The MSCI Asia Pacific Index dropped 2.1 percent to 136.86 this week as Middle East rulers attempted to contain uprisings that have overthrown leaders in Tunisia and Egypt and spread to Bahrain, Yemen and Libya. That rolled back last week’s 3 percent gain after U.S. and Japanese central banks raised their growth outlooks and companies posted better-than-estimated earnings.
Japan’s Nikkei 225 Stock Average fell 2.9 percent this week; Australia’s S&P/ASX 200 Index lost 2 percent; while South Korea’s Kospi Index and Hong Kong’s Hang Seng Index sank 2.5 percent. China’s Shanghai Composite Index retreated 0.7 percent.
Middle East Uncertainty
“There’s uncertainty about what’s going on in the Middle East,” said Yasushi Noguchi, a strategist in Tokyo at SMBC Friend Securities Co. “Investors will increasingly be taking a wait-and-see stance.”
Hyundai Engineering slumped 6.2 percent to 75,500 won in Seoul. Samsung Engineering Co., which won contracts in Bahrain and Saudi Arabia this month, dropped 4.6 percent to 187,500 won. Chiyoda Corp., a contractor that gets almost half of its income from the Middle East, sank 4.5 percent to 721 yen in Tokyo.
Airline stocks and carmakers slumped as oil traded near the highest in more than two years amid concern crude supplies will be disrupted by the turmoil in the Middle East and North Africa.
Early in the week, Libyan leader Muammar Qaddafi vowed to fight a growing rebellion in a country that holds Africa’s largest oil reserves until his “last drop of blood.” The leader’s position weakened after a close adviser abandoned him, opponents consolidated their control of the country’s oil-rich east, and Switzerland froze some of his assets.
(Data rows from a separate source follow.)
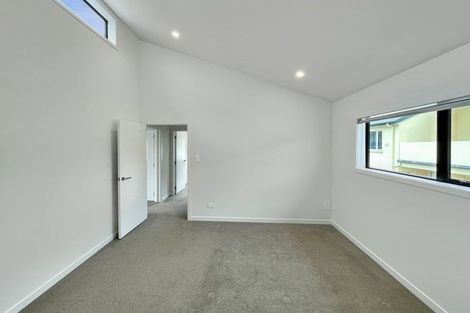 Photo of property in 3/13 Manning Street, Hamilton Central, Hamilton, 3204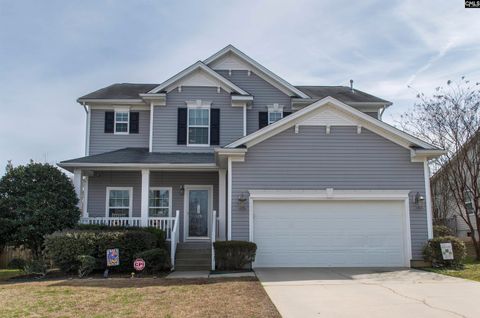 Photo of 125 Plymouth Pass Drive, Lexington, SC 29072 (MLS # 627724)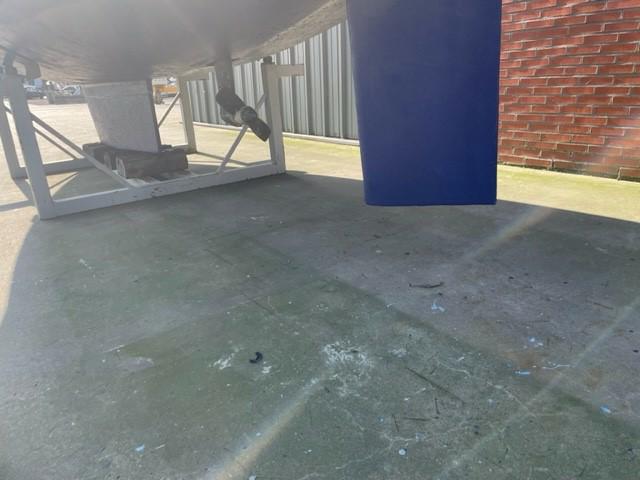 Compromis 777 — foto 7 van 15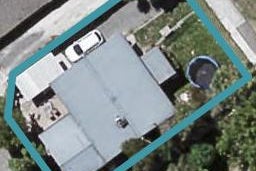 205 Wolseley Street, Mayfair, Hastings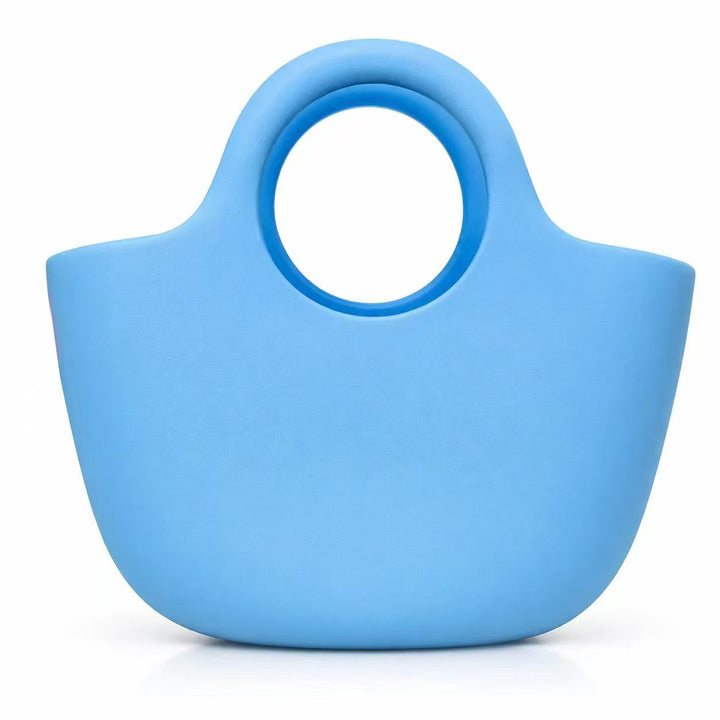 Stylish Tote Bag Stornfield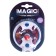 Loopy Loope Puzzle "Magic Circle"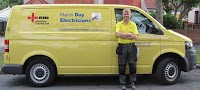 Part P qualified electrician in Leeds 228430 Image 0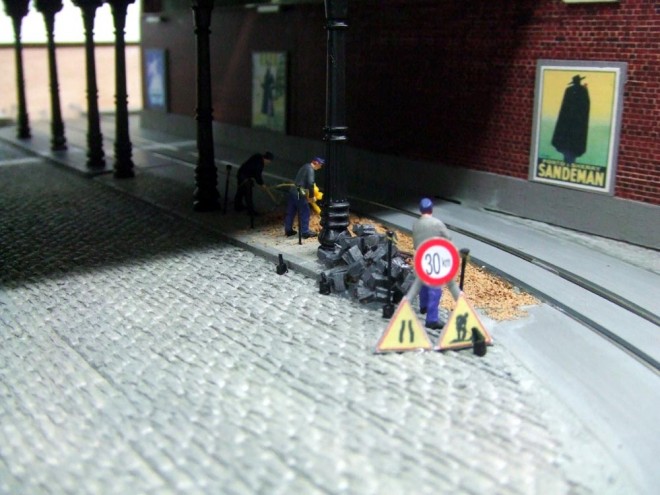 Travaux Bruxelbourg 100307 1.JPG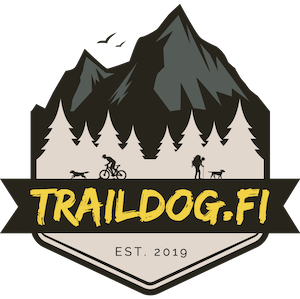 Traildog.fi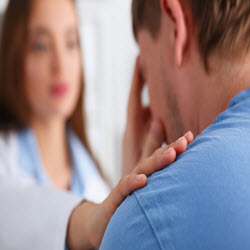 Counseling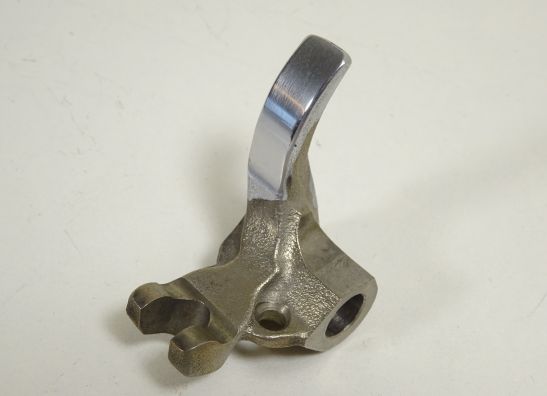 Cilinderkop Ducati ST4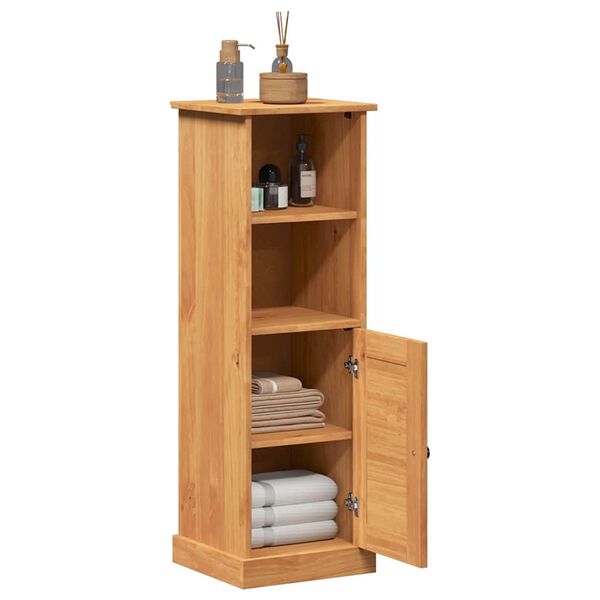 Viser produktbillede 3 af 13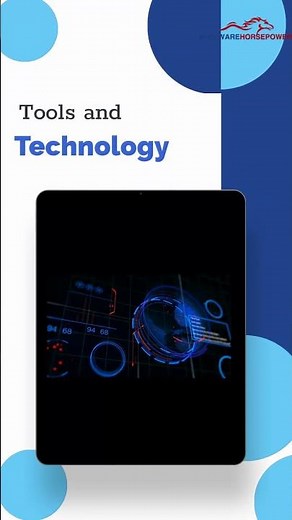 Asana Project Management Software | Asana Workflow Automation - Software Horsepower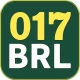 017brl Max 2024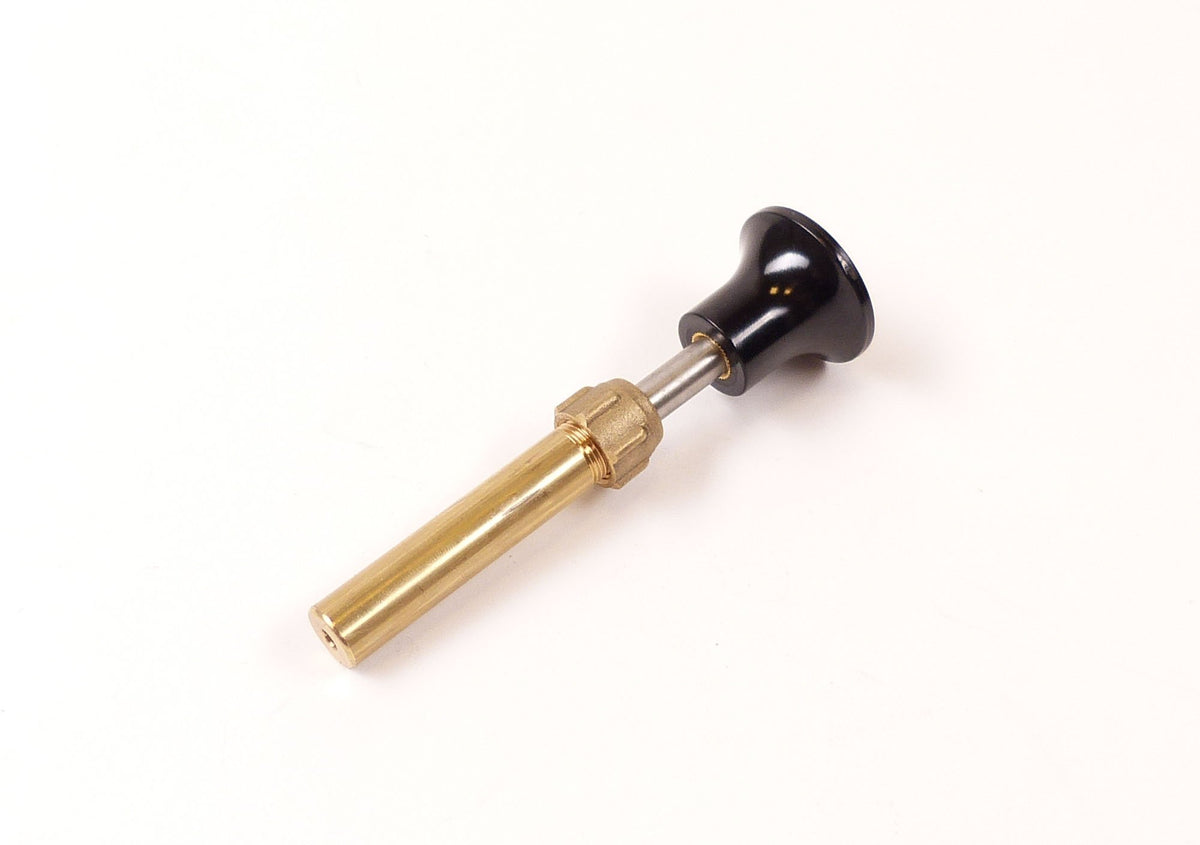 PLASTIC RIVET PIN TOOL | Fits GARIA | Part #G2198300500 OEM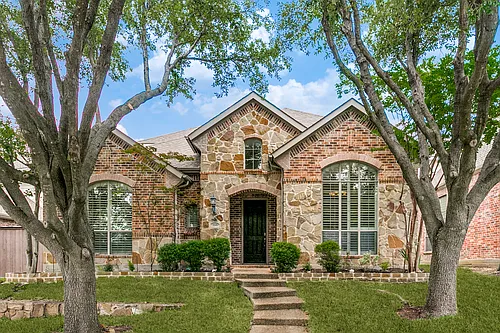 1148 Amy Dr Photo 1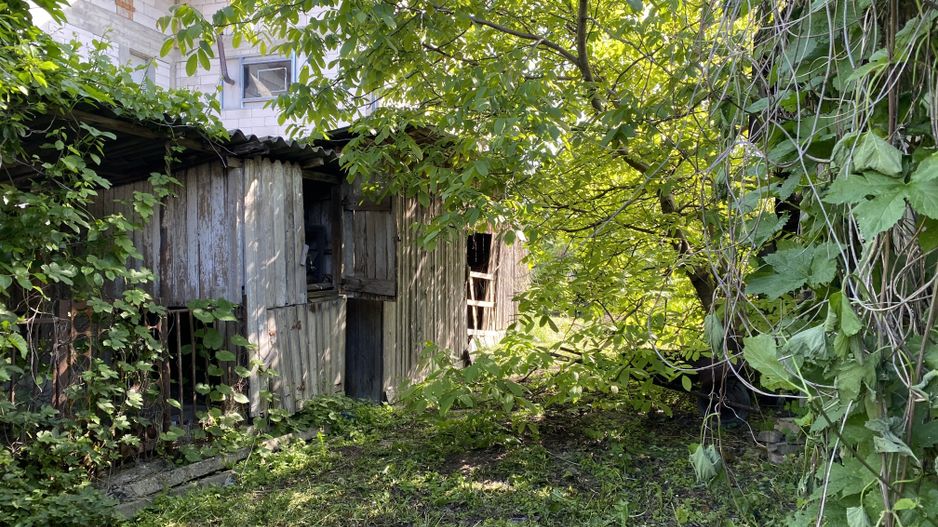 Vanzare "Casa Bunicilor" in satul Bucsani - Dambovita-Comision 0% - Poză 17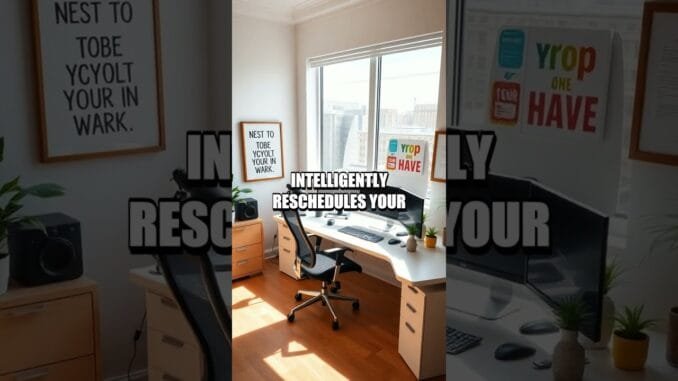 AI-Powered Time Management Tools for Beginners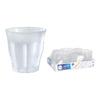 Glasset Duralex Picardie Glas 6 antal (25 cl)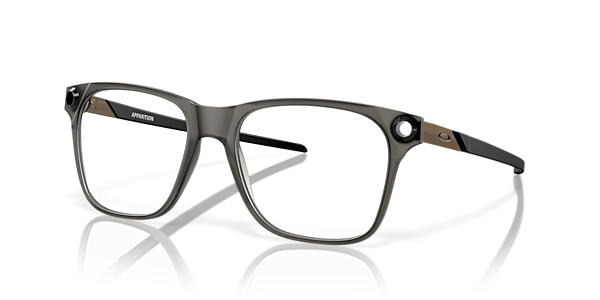 OX8152 APPARITION™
Qaddafi responded by reinforcing his defenses in and around the capital, Tripoli, with tanks and mercenaries.
Airlines, Carmakers Drop
Qantas plunged 6.3 percent to A$2.38 in Sydney as the risk of higher fuel prices curbed the earnings outlook for airlines. Cathay Pacific Airways Ltd. sank 9.6 percent to HK$17.70 in Hong Kong. Air China Ltd., the world’s biggest carrier by market value, tumbled 14 percent to HK$7.04. Toyota fell 3.4 percent to 3,755 yen in Tokyo.
“We’re having a natural reaction to the unrest with oil going above $100,” Todd Martin, Societe Generale’s Asia equity strategist, said in a Bloomberg Television interview in Hong Kong this week.
The MSCI Asia Pacific Index is little changed this year. The price of stocks in the gauge fell to an average of 13.7 times estimated earnings on Feb. 24, the lowest level since September.